Library for Geographic Graph Hybrid Network
Project description
Library of Geographic Graph Hybrid Network (geographnet)
The python library of geographic graph hybrid network with attention layers (geographnet).
Current version just supports the PyTorch package of deep geometric learning and
will extend to the others in the future. This package is for the paper,
"Geographic Graph Hybrid Network for Robust Inversion of Particular Matters"
to be published
in Remote Sensing
Major modules
Model
- GEOGCon: Function of geographic graph convolution.
- knnd_geograph: function of knn to support the output of spatial or spatiotemporal weights.
- knngeo: function to retrieve the nearest neighbors with the distance values.
- GeoGraphPNet: Geographic Graph Hybrid Network for prediction of PM2.5 and PM10. (multilevel geographic graph convolutions plus full residual deep network).
- DataSamplingDSited: Using distance-weighted kdd to sample the data to get the network topology and the corresponding sample data.
- WNeighborSampler: Function of using distance-weighted kdd to obtain the mini-batch data
to train and test geographic graph hybrid network.
Helper functions
- train: Training function of geographic graph hybrid network for PM2.5 and PM10.
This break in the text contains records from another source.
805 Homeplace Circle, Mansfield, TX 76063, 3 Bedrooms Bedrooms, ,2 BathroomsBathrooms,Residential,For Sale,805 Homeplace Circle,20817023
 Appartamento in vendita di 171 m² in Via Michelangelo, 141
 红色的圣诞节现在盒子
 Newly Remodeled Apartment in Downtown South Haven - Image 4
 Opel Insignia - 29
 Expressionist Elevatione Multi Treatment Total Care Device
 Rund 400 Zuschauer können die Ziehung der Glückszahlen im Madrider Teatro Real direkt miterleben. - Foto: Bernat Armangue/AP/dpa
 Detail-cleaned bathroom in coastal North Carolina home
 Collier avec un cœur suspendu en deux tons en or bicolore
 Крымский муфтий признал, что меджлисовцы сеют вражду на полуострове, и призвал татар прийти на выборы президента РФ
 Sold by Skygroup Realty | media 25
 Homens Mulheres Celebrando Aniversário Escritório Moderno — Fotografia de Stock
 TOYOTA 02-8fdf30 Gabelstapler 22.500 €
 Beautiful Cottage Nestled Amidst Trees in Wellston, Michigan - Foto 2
- test: Testing function of the trained geographic graph hybrid network for PM2.5 and PM10.
Installation
You can directly install it using the following command for the latest version:
pip install geographnet
Note for installation and use
Runtime requirements
geographnet requires installation of PyTorch with support of PyG (PyTorch Geometric). Also Pandas and Numpy should be installed.
Use case
The package provides one example for use of geographic graph hybrid network to predict PM2.5 and PM10 in mainland China. See the following example.
License
The geographnet is provided under a MIT license that can be found in the LICENSE file. By using, distributing, or contributing to this project, you agree to the terms and conditions of this license.
Test call
Load the packages
import pandas as pd
import numpy as np
import torch
import gc
from sklearn import preprocessing
from sklearn.model_selection import train_test_split
import urllib
import tarfile
from geographnet.model.wdatasampling import DataSamplingDSited
from geographnet.model.wsampler import WNeighborSampler
from geographnet.traintest_pm import train, test
from geographnet.model.geographpnet import GeoGraphPNet
**Helper function for site-based independent test and downloading
def selectSites(datain):
sitesDF = datain.drop_duplicates('id').copy()
sgrp = sitesDF['stratified_flag'].value_counts()
sitesDF['stratified_flag_cnt'] = sgrp.loc[sitesDF['stratified_flag']].values
pos1_index = np.where(sitesDF['stratified_flag_cnt'] < 5)[0]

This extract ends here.